** Your assignment **
Word for word, restate every record, though not the pictures.

■ ■ ■

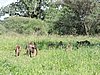 DSCN9415.JPG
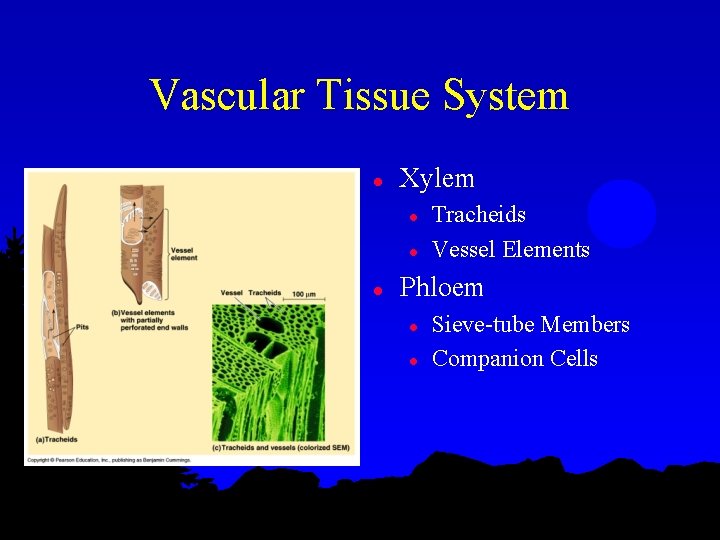 Vascular Tissue System l Xylem l l l Tracheids Vessel Elements Phloem l l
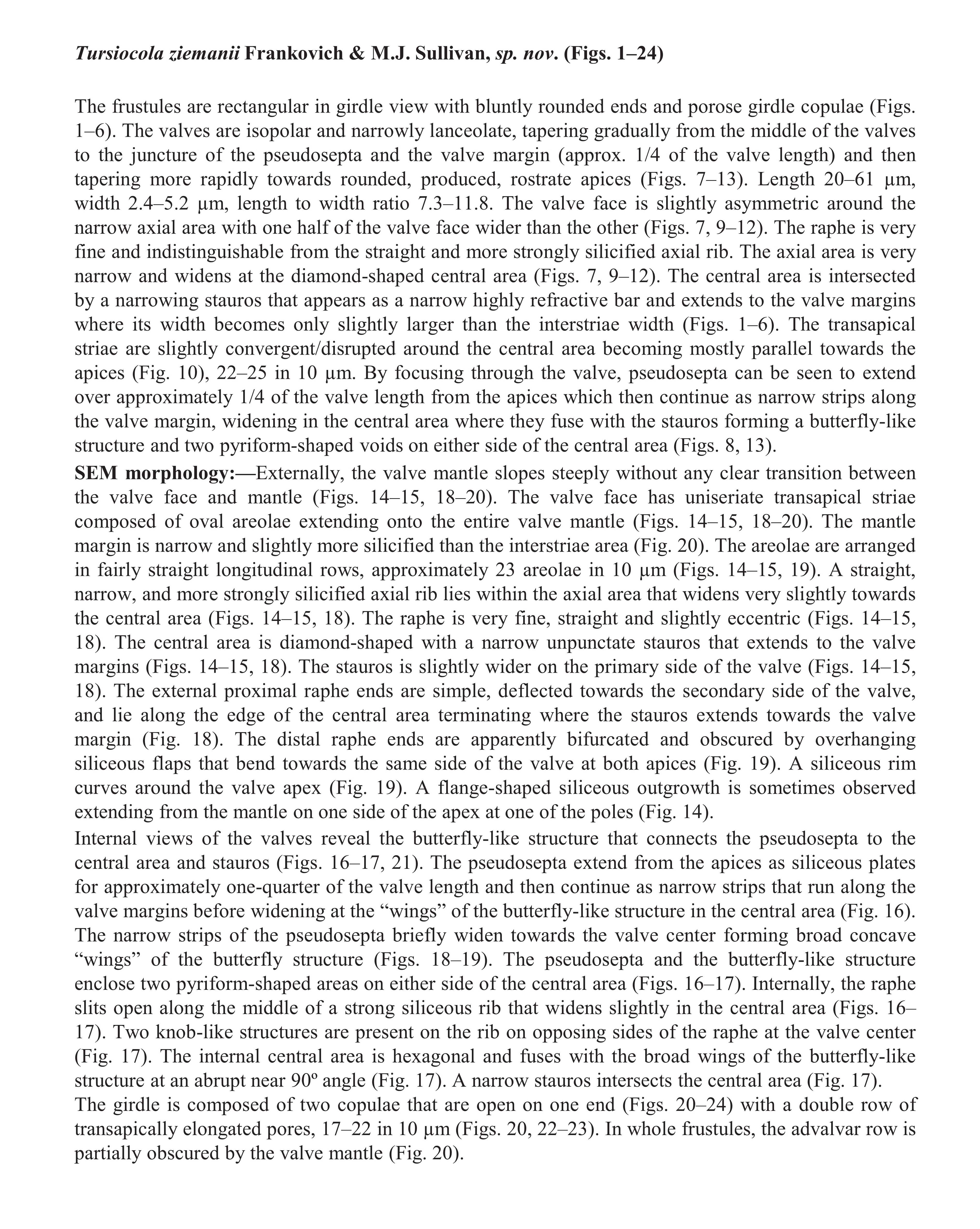 Tursiocola ziemanii orig desc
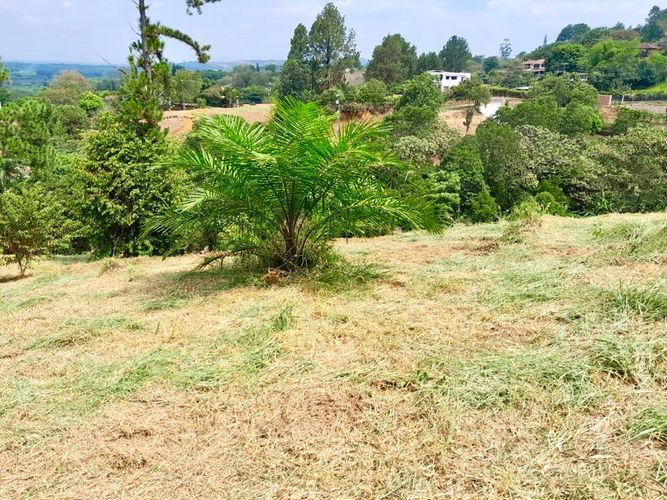 Lote en venta en Porerito, Jamundí, 3000 m² · foto 6 de 16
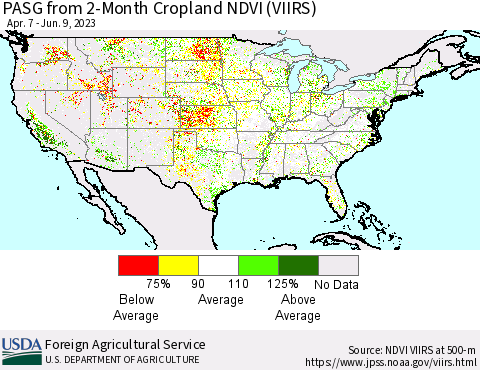United States PASG from 2-Month Cropland NDVI (VIIRS) Thematic Map For 6/1/2023 - 6/10/2023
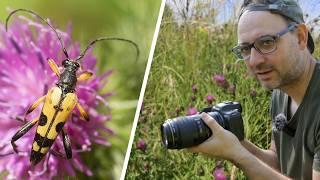 This is How I Shoot Macro Photography HAND-HELD (Canon EF 100mm F/2.8 Lens)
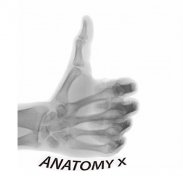 Radiographic Anatomy X-Ray screenshot 8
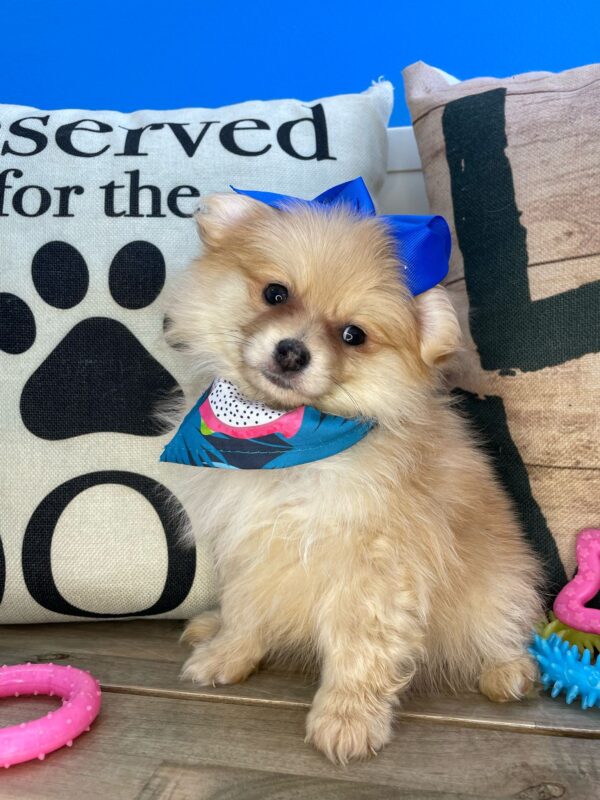 Rory Pomeranian 01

■ ■ ■

** Solution **
 DSCN9415.JPG
 Vascular Tissue System l Xylem l l l Tracheids Vessel Elements Phloem l l
 Tursiocola ziemanii orig desc
 Lote en venta en Porerito, Jamundí, 3000 m² · foto 6 de 16
United States PASG from 2-Month Cropland NDVI (VIIRS) Thematic Map For 6/1/2023 - 6/10/2023
 This is How I Shoot Macro Photography HAND-HELD (Canon EF 100mm F/2.8 Lens)
 Radiographic Anatomy X-Ray screenshot 8
 Rory Pomeranian 01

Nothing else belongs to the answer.